_What you are asked to do_
Exact copies of the lines below, from the one with "Hiện tại, một" up to and including the one with "skyphos, Morel 4311 (SECOLI/ IV a.C)", are what this calls for; leave out pictures.

_The input_
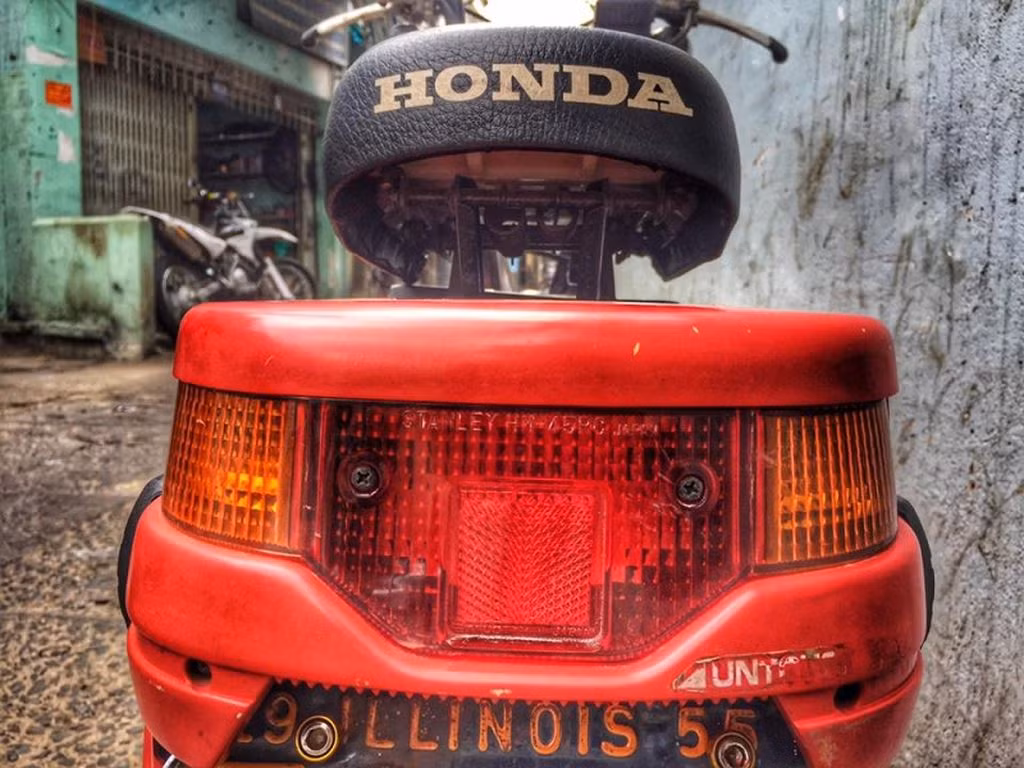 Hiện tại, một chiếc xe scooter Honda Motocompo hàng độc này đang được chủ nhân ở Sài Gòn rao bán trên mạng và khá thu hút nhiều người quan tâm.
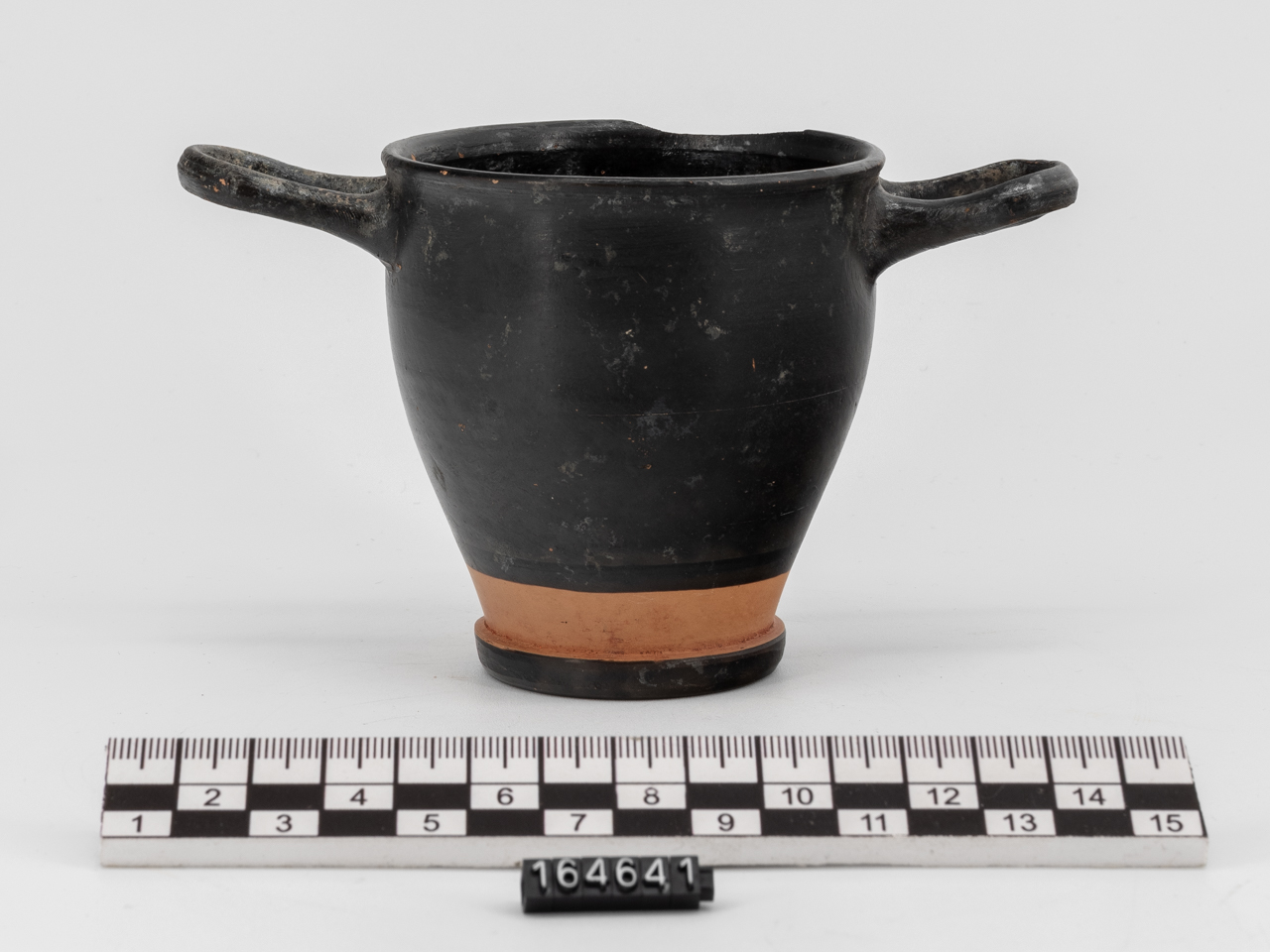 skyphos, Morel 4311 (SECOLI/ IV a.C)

==

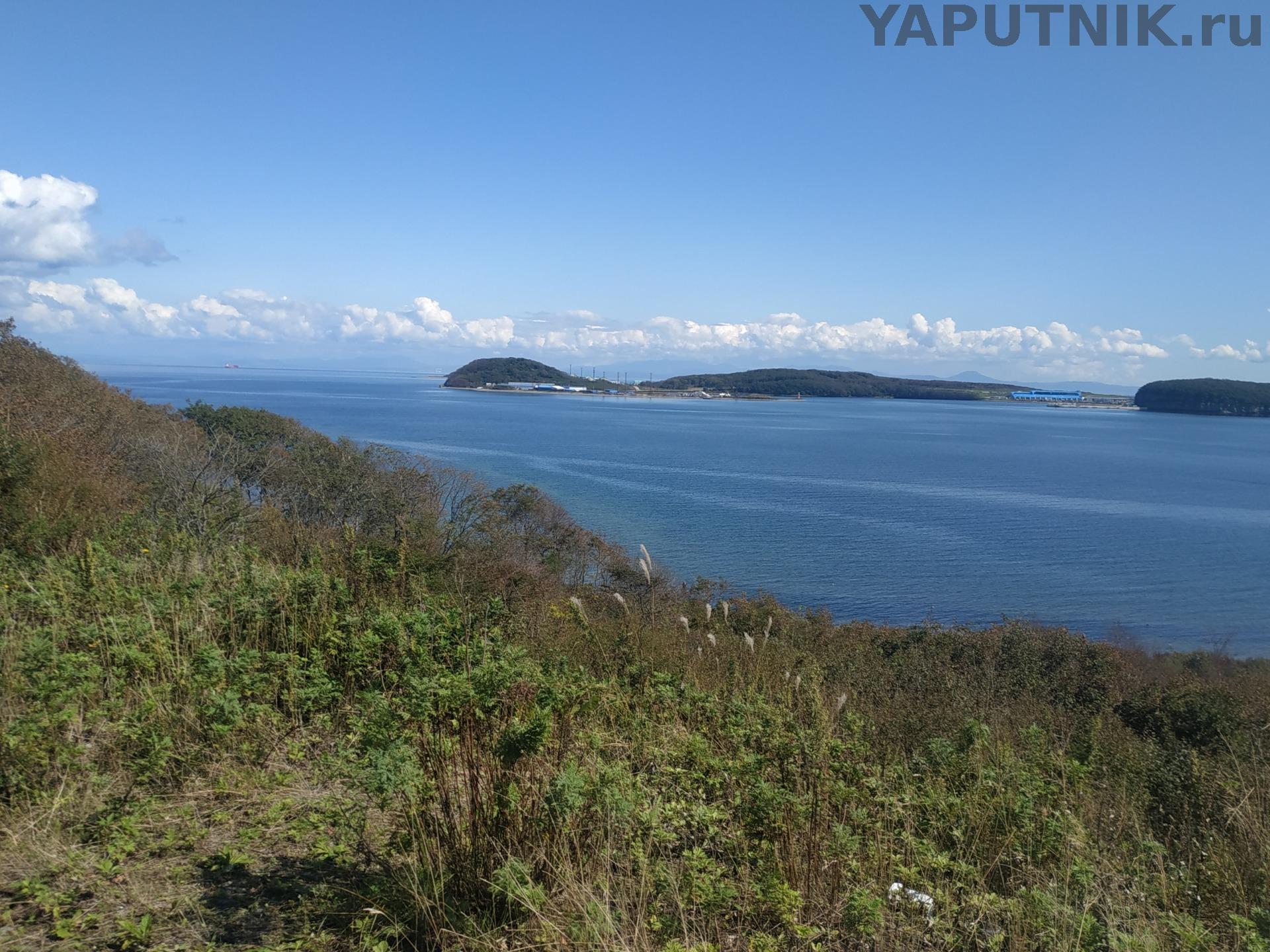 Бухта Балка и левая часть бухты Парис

_Response area_
 Hiện tại, một chiếc xe scooter Honda Motocompo hàng độc này đang được chủ nhân ở Sài Gòn rao bán trên mạng và khá thu hút nhiều người quan tâm.
 skyphos, Morel 4311 (SECOLI/ IV a.C)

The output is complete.